WHAT IS REQUIRED: Take the lines below between the one holding "Карта пам'яті USB" and the one holding "White / Ebony 2006 Chevrolet Monte Carlo SS", inclusive, and copy them exactly. Add nothing.

EXTRACTED MATERIAL:
============================================================

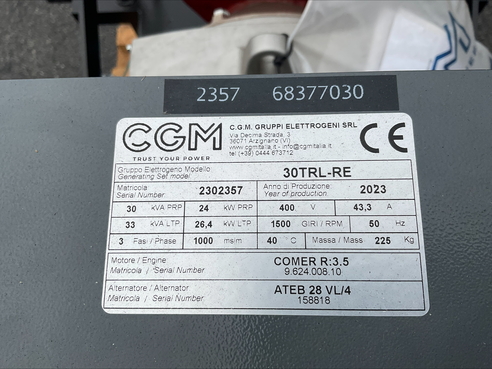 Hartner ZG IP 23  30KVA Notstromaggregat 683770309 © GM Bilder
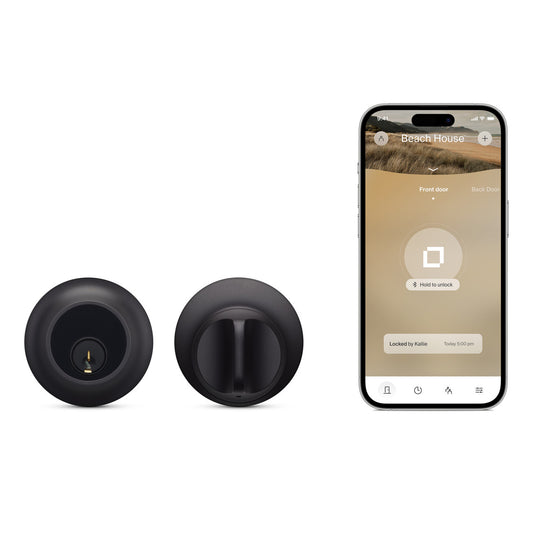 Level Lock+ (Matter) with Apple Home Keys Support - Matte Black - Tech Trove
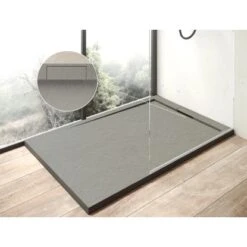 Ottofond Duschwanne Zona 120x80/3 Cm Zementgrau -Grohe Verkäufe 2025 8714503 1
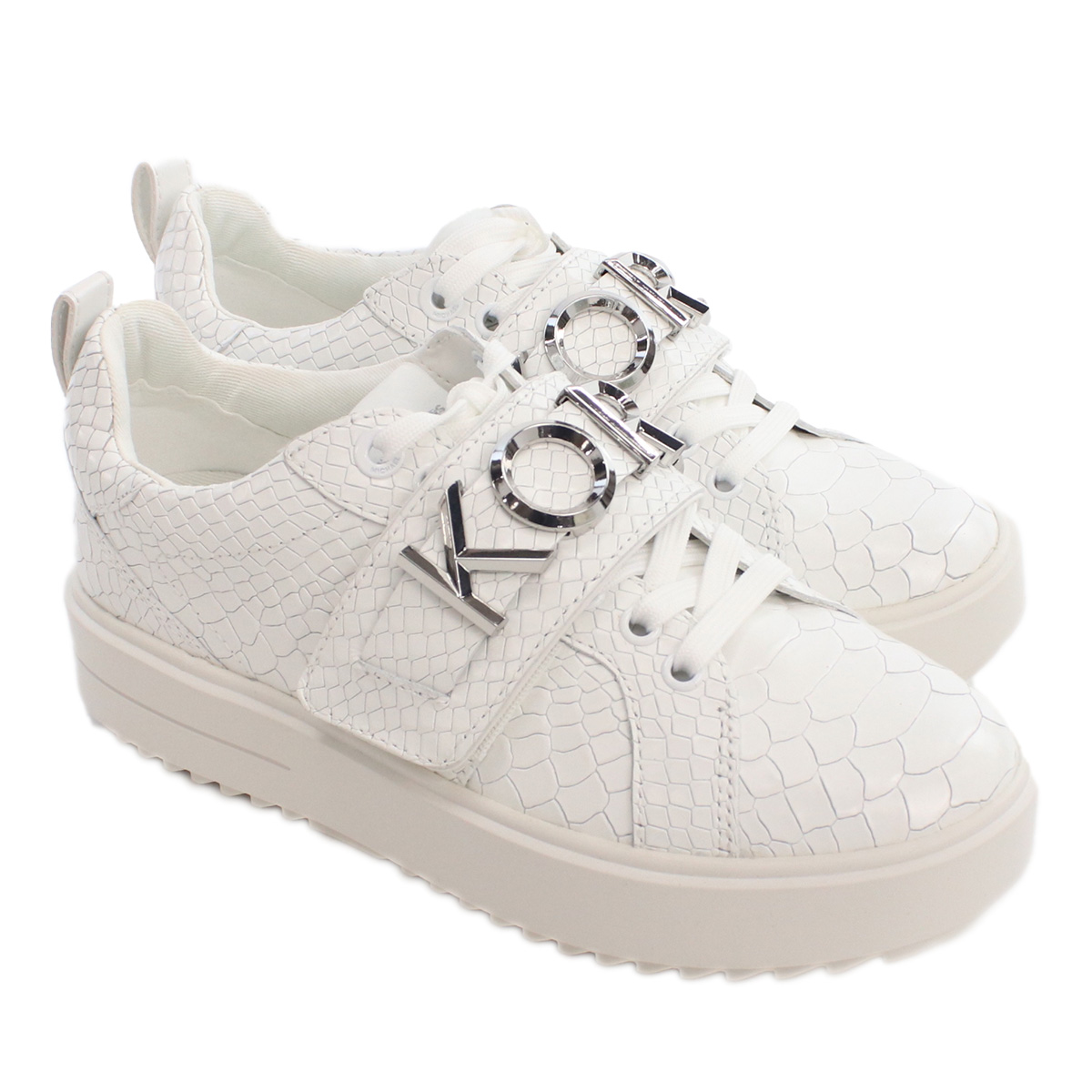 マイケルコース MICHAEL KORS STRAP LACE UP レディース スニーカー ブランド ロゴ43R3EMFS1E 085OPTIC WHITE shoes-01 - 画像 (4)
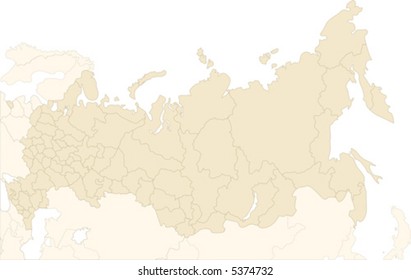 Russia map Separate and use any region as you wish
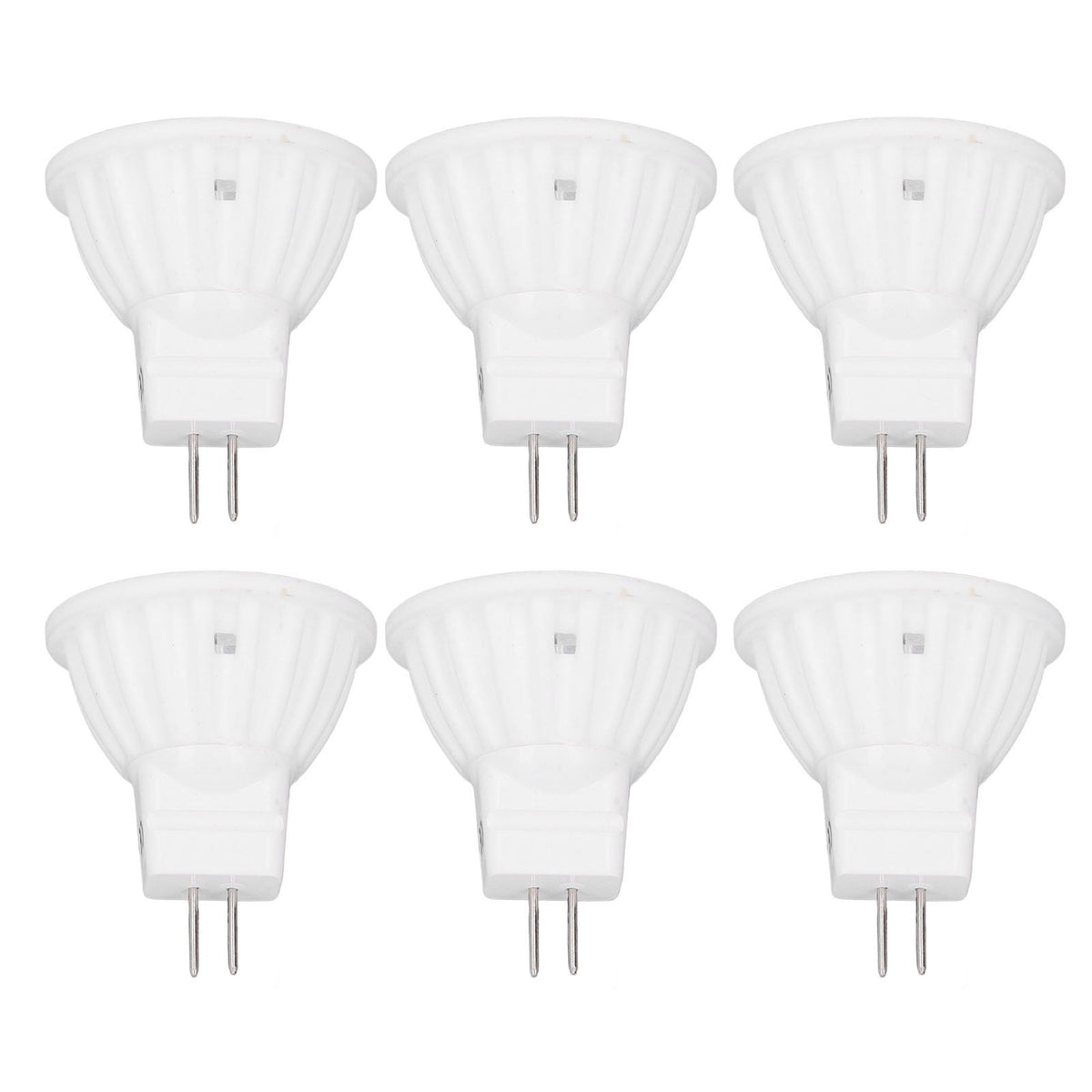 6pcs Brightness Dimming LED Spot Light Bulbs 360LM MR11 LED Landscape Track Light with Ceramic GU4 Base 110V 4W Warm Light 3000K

============================================================

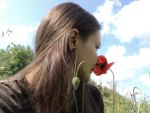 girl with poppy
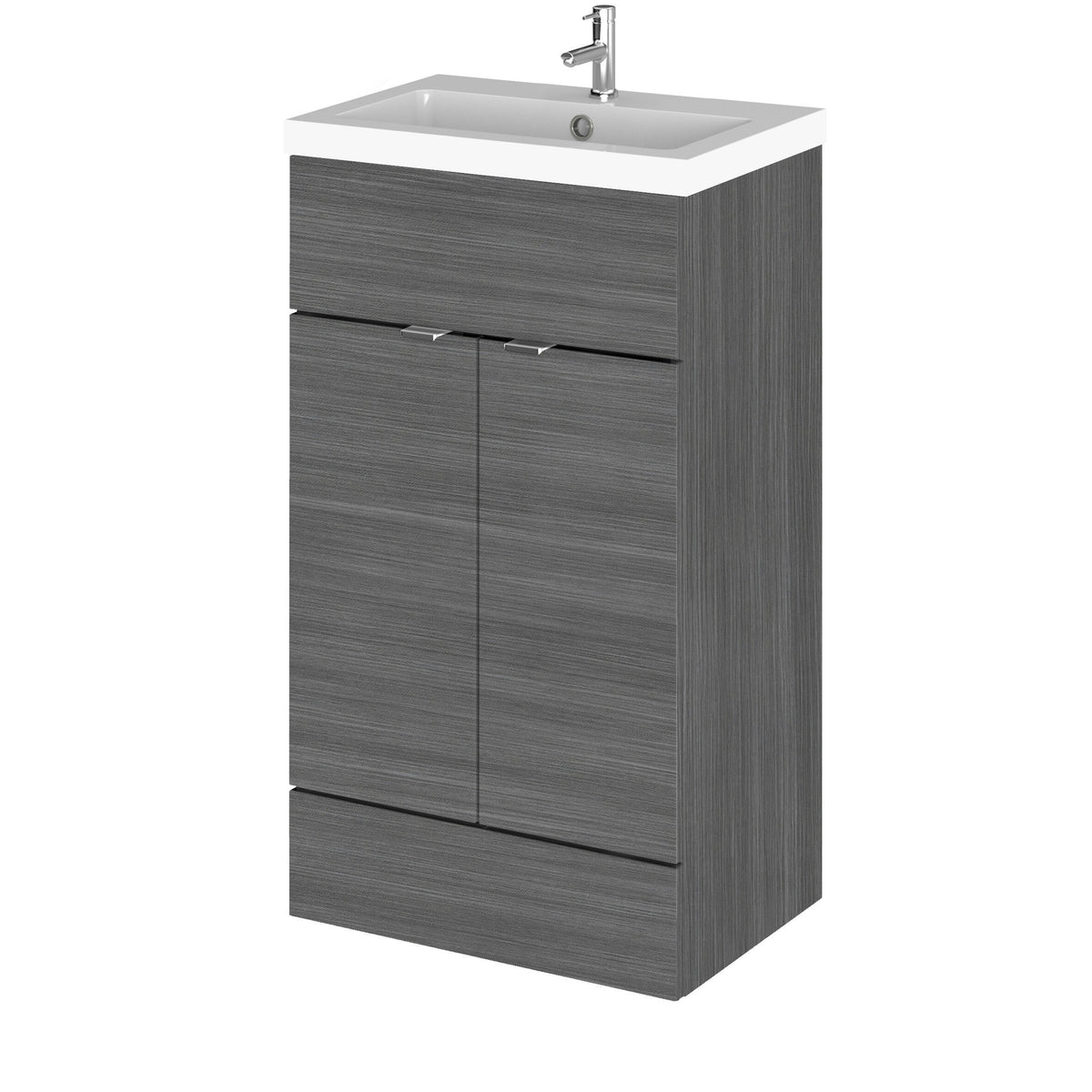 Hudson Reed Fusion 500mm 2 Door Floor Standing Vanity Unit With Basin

============================================================

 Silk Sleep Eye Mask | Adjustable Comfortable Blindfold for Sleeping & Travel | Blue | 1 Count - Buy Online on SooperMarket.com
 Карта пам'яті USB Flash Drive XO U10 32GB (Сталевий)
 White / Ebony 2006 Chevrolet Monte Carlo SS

============================================================

RESPONSE TO THIS EXERCISE:
 Карта пам'яті USB Flash Drive XO U10 32GB (Сталевий)
 White / Ebony 2006 Chevrolet Monte Carlo SS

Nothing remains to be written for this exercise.